OK so I am also not a Ludwig collector (last NSMD article notwithstanding) but for a second, I considered jumping into the fray, if anything to see what all the hoopla was all about. Then I thought “BASTA” (enough!) stay focused Chet! But, there has to be someone out there who needs this drum and it was only a three-day auction. So, little ‘ol benevolent me thought “put this up on Facebook.” I have two Facebook accounts, my personal one and one I created for Billy Gladstone. Gladstone’s site has more friends than mine (I can’t understand why) so to get the word out I posted the eBay auction with the description “I am not a Ludwig expert, but aren’t these WFL era Supraphonic snares rare? And because it is that old, doesn’t that signify that it is the desired COB shell? A bit rough but it could be brought back. Better hurry…only 2 days left…” Good friend Todd Reemy commented “in my day I sold 150 or more COB Ludwig's...of that number just 2 were WFL...I've always said they were the best sounding of the bunch with Trans badge era being 2nd...” In his day, Todd went by “The Drum Detective” moniker when he was in the retail vintage drum business. And “Dective” he was. His posts in the “For Sale” section in NSMD made my mouth water. This of course, gave my assumption validity so I passed this information along to the seller.
Hey, what goes around comes around. I have had many a helping hand in my day. I knew he would receive “Buy It Now” offers so I wanted to warn him.
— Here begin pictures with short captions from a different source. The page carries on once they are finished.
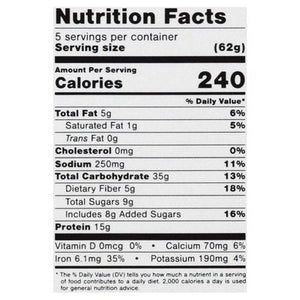 Oats Over Night Shake Maple Brown Sugar 5/2.2 OZ [UNFI #2657203] [ebt]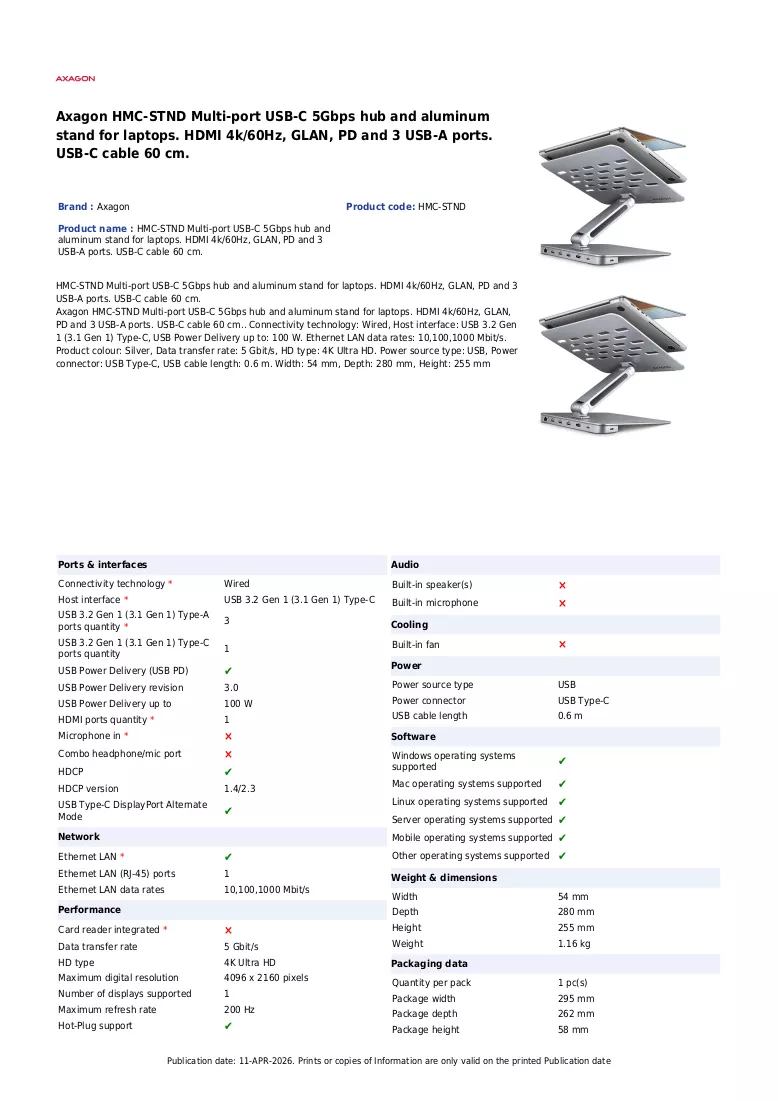 Brochure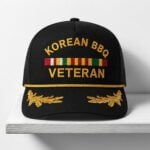 2026 Korean BBQ Veteran Hat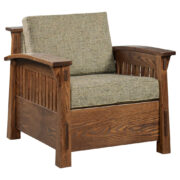 Country Mission Sleeper Chair - Image 2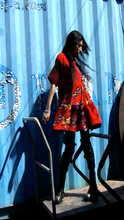 Load image into Gallery viewer, dragonfly dress
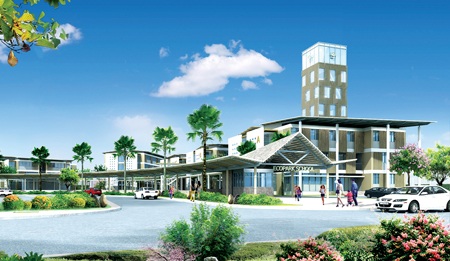 Trường phổ thông Đoàn Thị Điểm Ecopark: Sẵn sàng cho năm học mới - 2 Cơ sở vật chất hiện đại, tiện nghi giúp học sinh phát triển toàn diện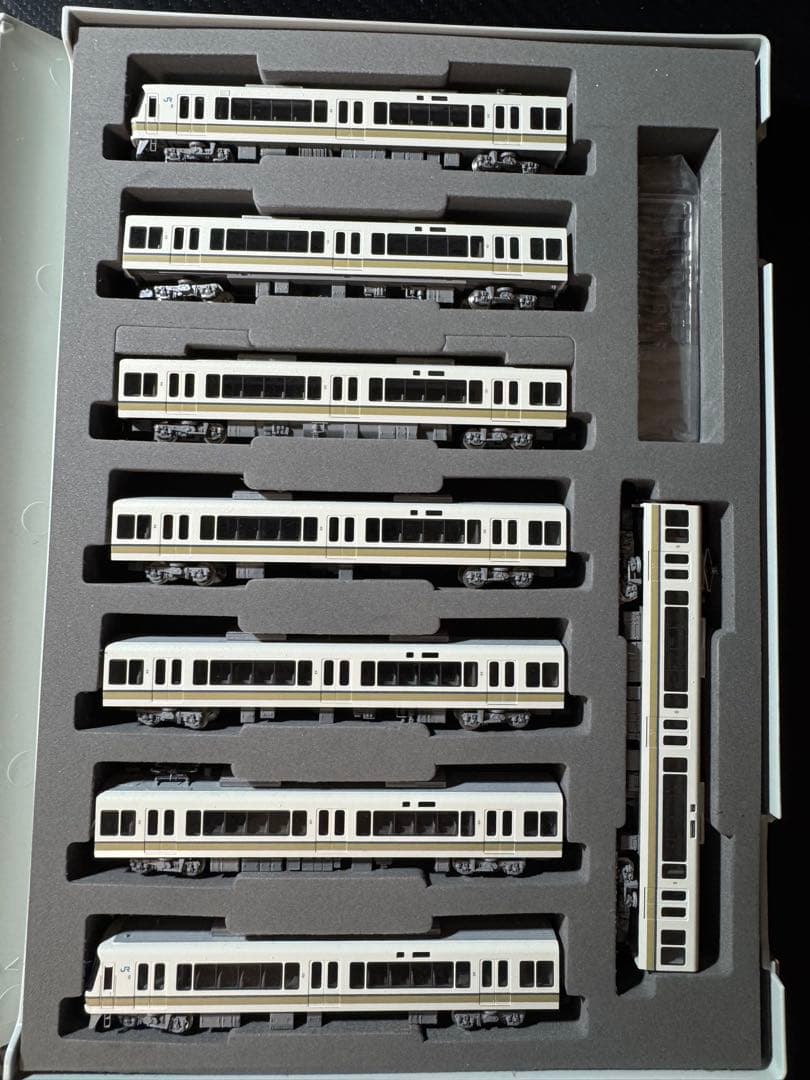 TOMIX JR 221系　KATO JR223系 新快速セット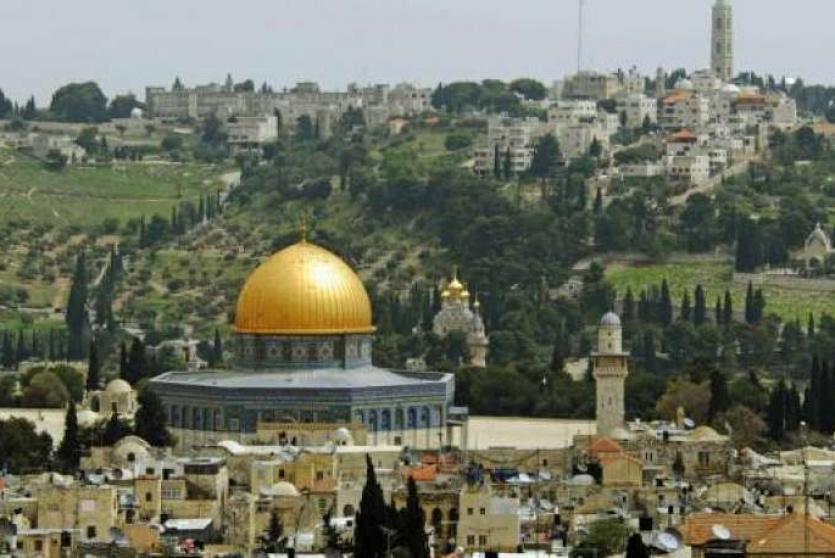 القدس المحتلة
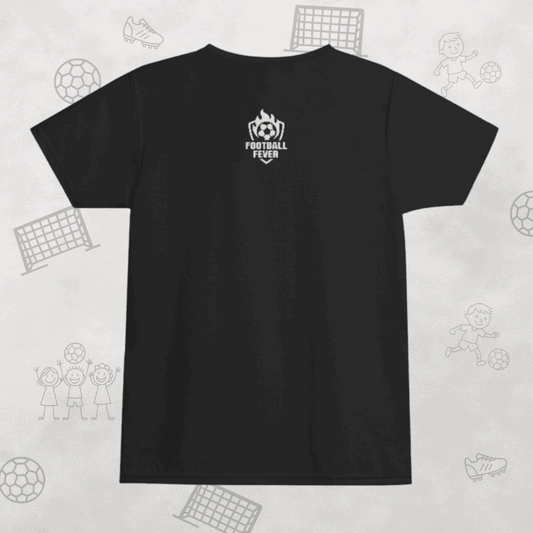 Mikel Arteta Arsenal Girl's T-Shirt | North London's Architect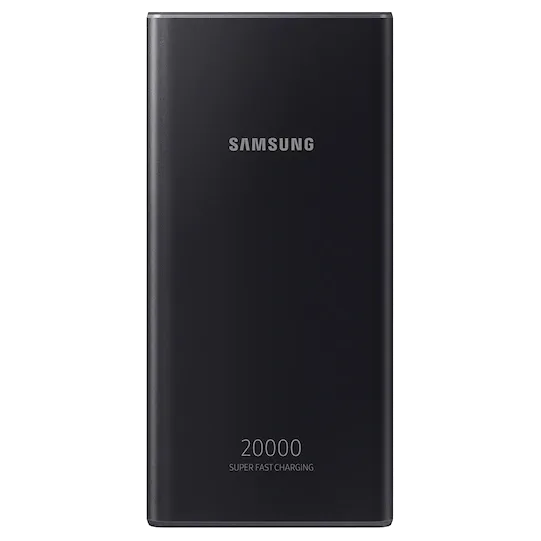 SAMSUNG EB-P5300XJEGEU (Black) 20000 mAh Повербанк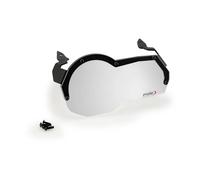 Puig Bmw R1250gs Adventure 2024 Headlight Protector Silver
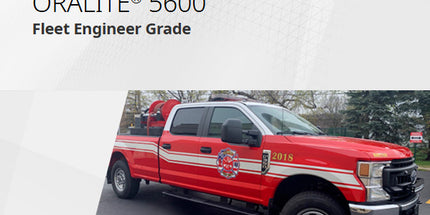 ORALITE® 5600  Fleet Engineer Grade Reflective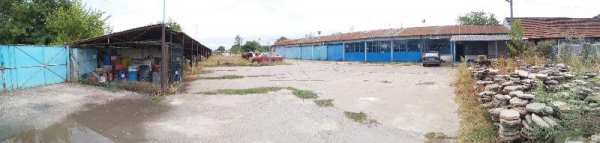 Дава под наем пром. помещение, с. крумово, област пловдив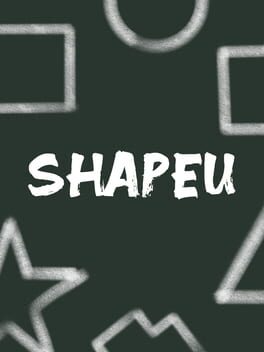 Boxart for Shapeu
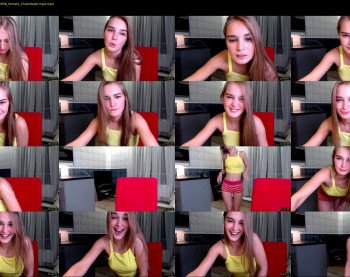 litlle_flowers — 29 minute Chaturbate female cam show recording, 1080p, Aug 1, 2019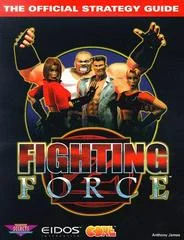 Carátula de Fighting Force [Prima]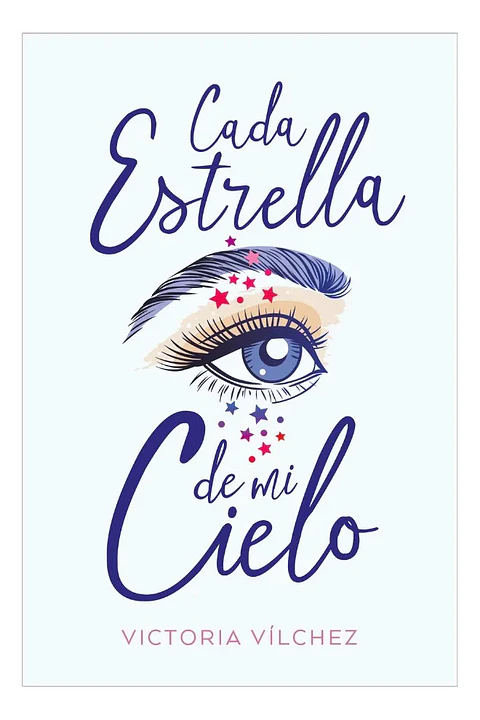 Cada Estrella de Mi Cielo - Victoria Vílchez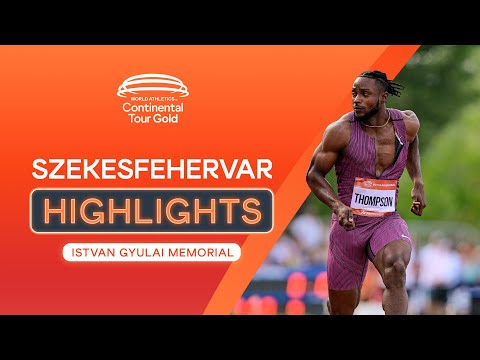Gyulai István Memorial Highlights | Continental Tour Gold 2024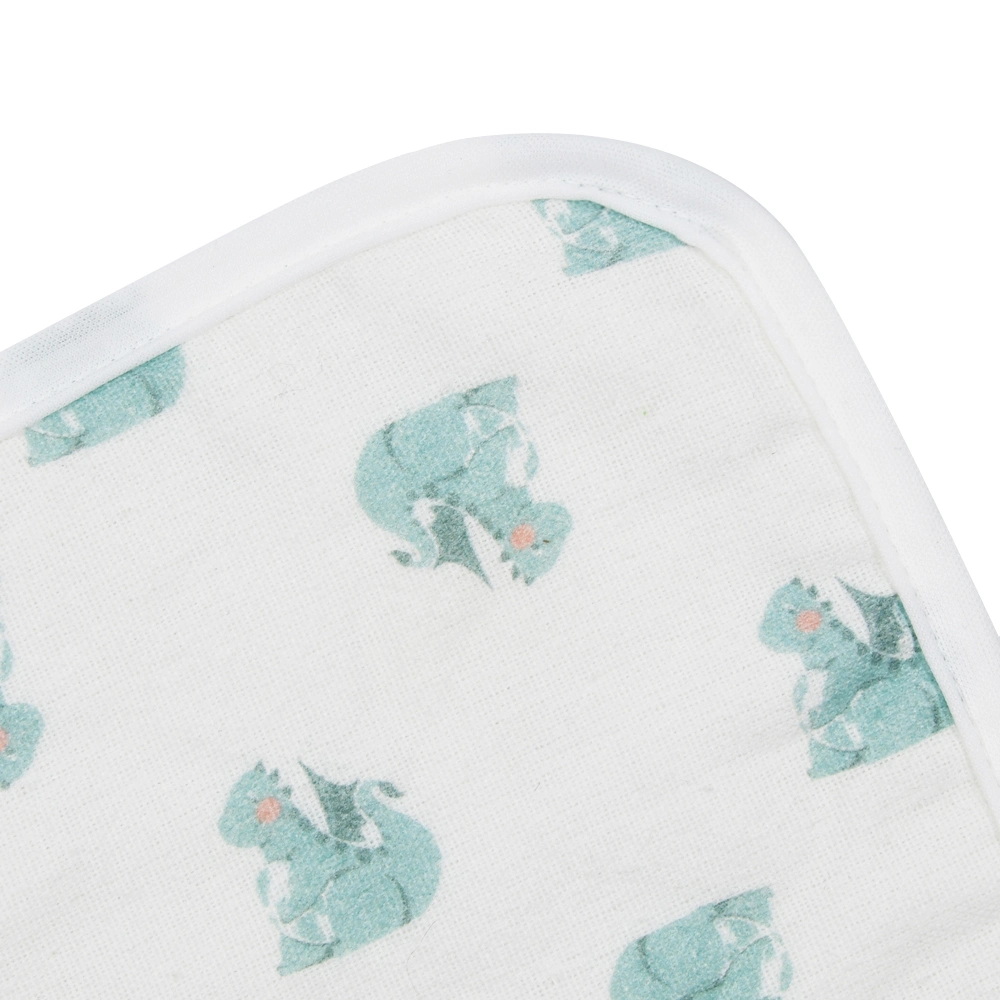 Quick Dry Soft and Absorbent Bamboo Cotton Baby Face Towel Newborn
The seller, who seemed a bit naïve by his eBay description of the drum, was most appreciative and posted my comments in the listing.
When I sent the message one day into the auction, the listing had a paltry $172.49 current bid (up from and opening $149.99 start bid) with only 7 bids and 149 views. The numbers subsequently went up, bids to 22 and a current bid of $701.99 the final day of the auction. I, feeling like the Good Samaritan, was curious where the auction would end… 538 views, 33 bids, with a winning bid of $1009.99. At first I thought “He did well.” Then I searched eBay for other COB Ludwig snares and found this Ludwig Supraphonic COB that went for $1300.
OK, it is pretty. Yes, “Minty”…god I hate that word…when is anyone going to learn the true definition of the word “mint”? read eBay’s take on the subject. My personal definition of mint and that of coin collectors is one word “Uncirculated.” That means untouched by human hands. So if it is still sealed in the original box, it is mint. “New old stock” is exactly that, unsold, new, but not mint. Be that as it may, Todd, whom I consider an expert, said, “in my day I sold 150 or more COB Ludwig's...of that number just 2 were WFL.” That puts the odds at 75 to one, no? OK, I’m not saying the “fair condition” WFL is worth $74,449.25 more than the “Original” Ludwig but less? I don’t think so.
Yes, Mr. WFL is not cosmetically as nice as Mr. Ludwig, but therein is the answer. With a little imagination, read “elbow grease”, it is definitely 75 times the drum. Unless a drum is mint, I personally like to see patina. It gives the instrument character. It has been used, played, enjoyed. Patina does not include dirt and rust so some work is required here. Again, my personal call is less is more. I will not use a buffing wheel. If it cant be removed by hand, it is patina. The bent rim (being brass) could easily be straightened. Imagine what a little work will do for this drum.